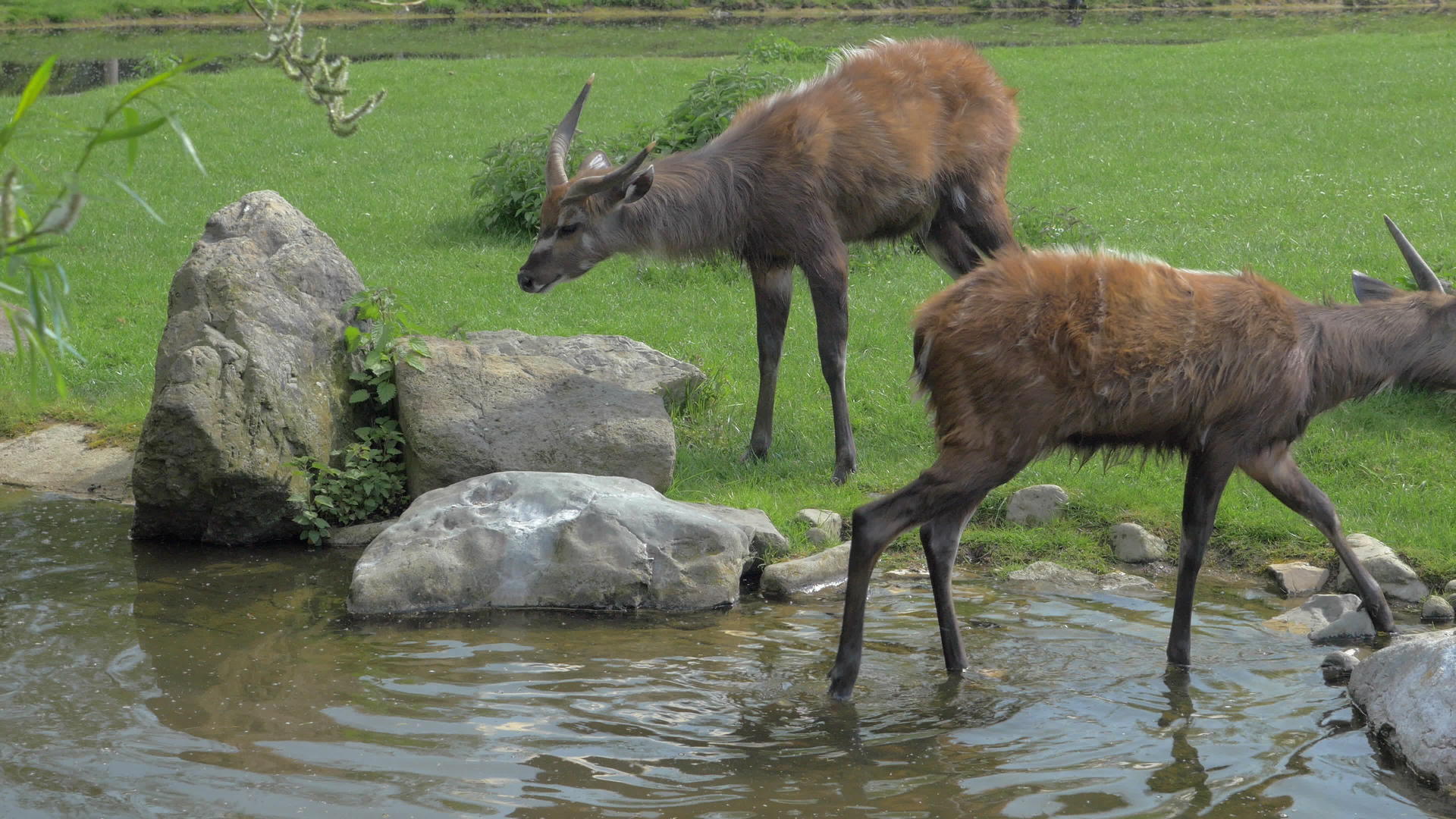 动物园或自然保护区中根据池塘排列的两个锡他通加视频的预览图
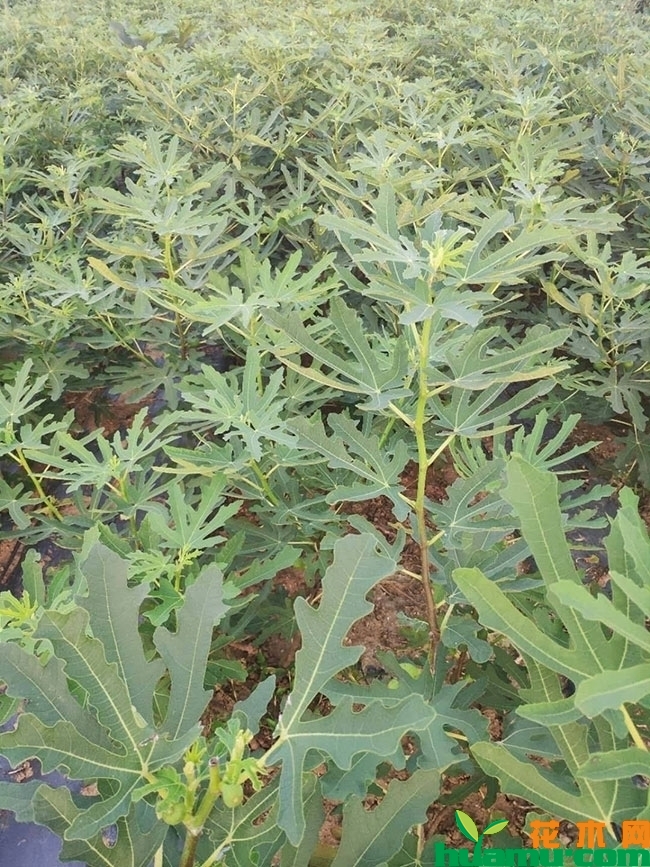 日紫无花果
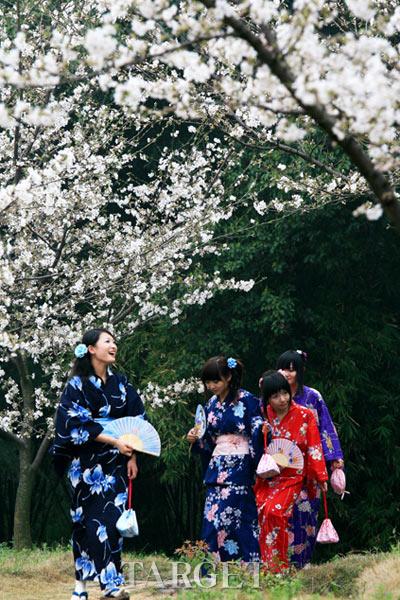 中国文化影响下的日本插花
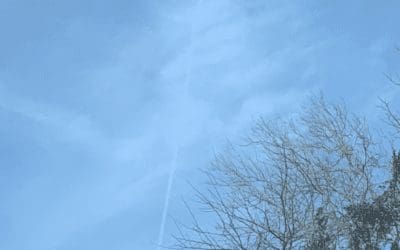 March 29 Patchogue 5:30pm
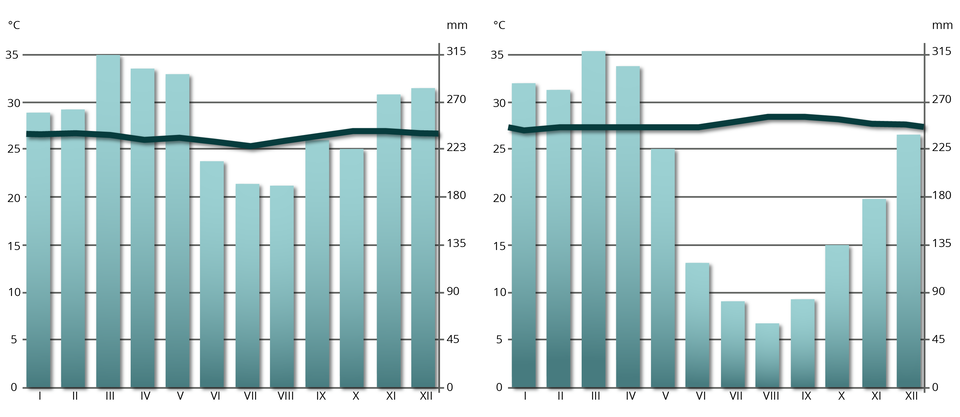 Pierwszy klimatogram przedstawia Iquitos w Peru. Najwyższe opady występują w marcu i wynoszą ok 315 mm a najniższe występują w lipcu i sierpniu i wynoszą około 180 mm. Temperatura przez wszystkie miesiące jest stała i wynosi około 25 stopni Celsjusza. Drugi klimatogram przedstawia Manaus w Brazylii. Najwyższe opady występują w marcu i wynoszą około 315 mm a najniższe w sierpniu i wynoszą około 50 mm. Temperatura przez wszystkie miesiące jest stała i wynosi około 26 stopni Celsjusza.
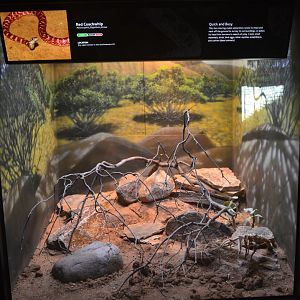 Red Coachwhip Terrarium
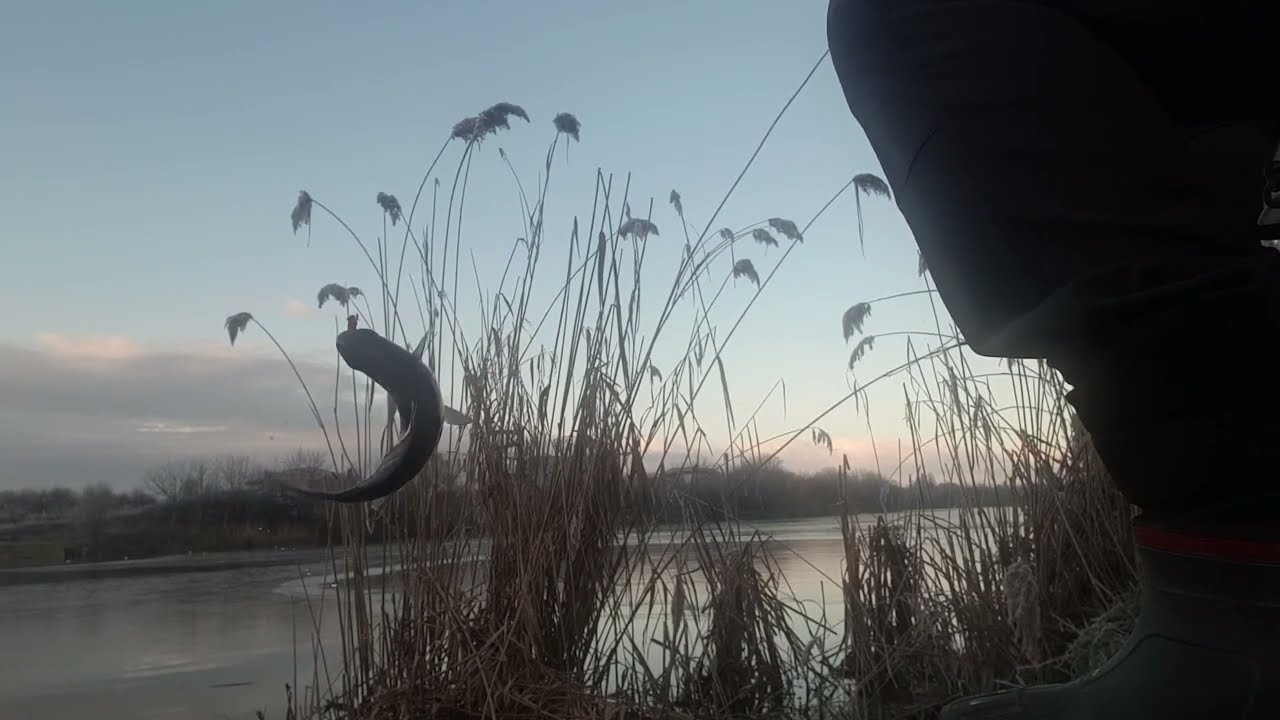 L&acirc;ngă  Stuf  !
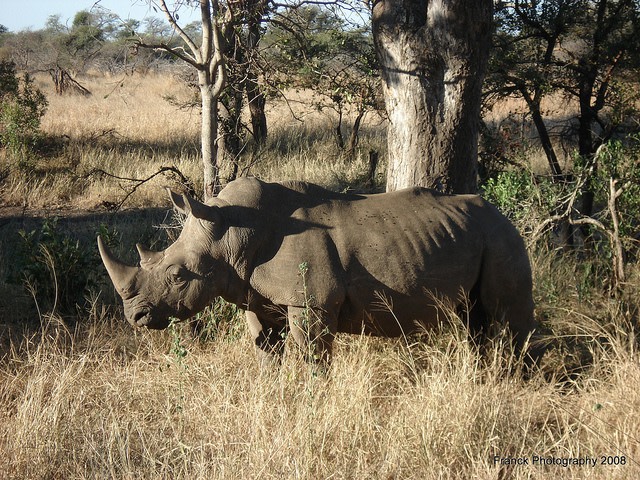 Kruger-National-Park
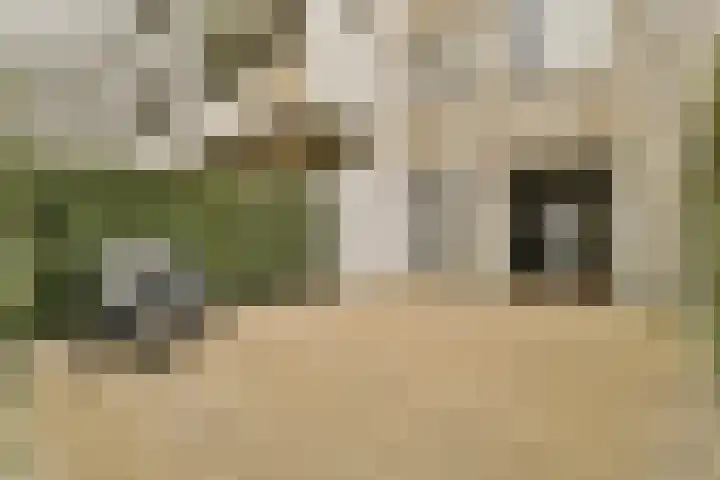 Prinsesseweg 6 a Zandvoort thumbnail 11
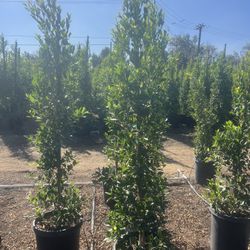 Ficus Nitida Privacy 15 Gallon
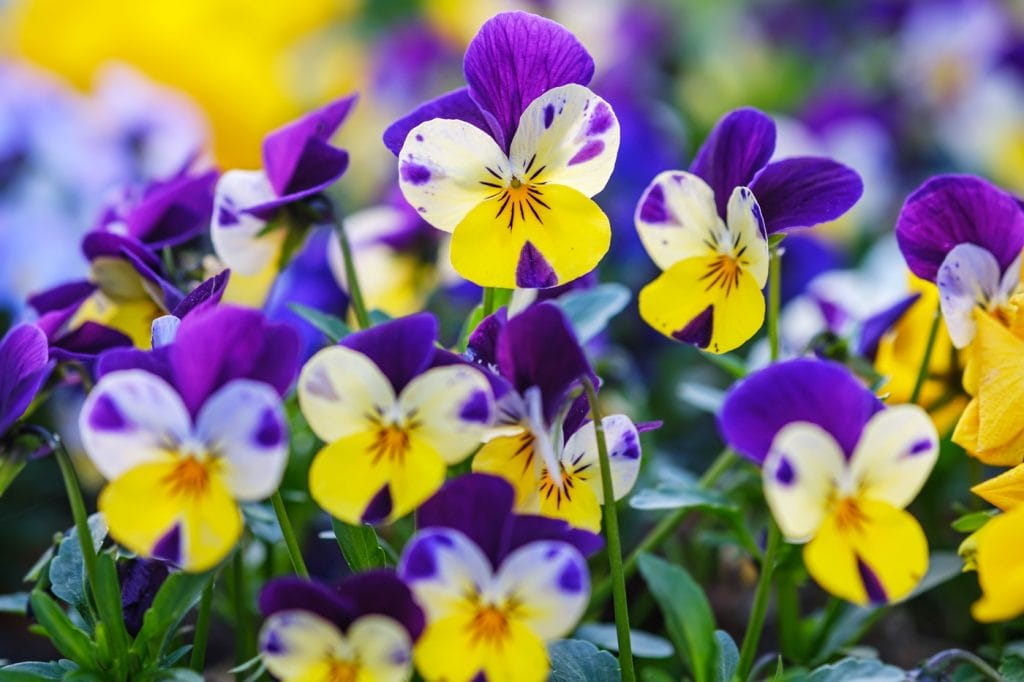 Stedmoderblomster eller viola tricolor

What needs to be done
Quote precisely the lines of the data from the line containing "Kruger-National-Park" through its final line, both included, excluding pictures.

Solution to the exercise
 Kruger-National-Park
 Prinsesseweg 6 a Zandvoort thumbnail 11
 Ficus Nitida Privacy 15 Gallon
 Stedmoderblomster eller viola tricolor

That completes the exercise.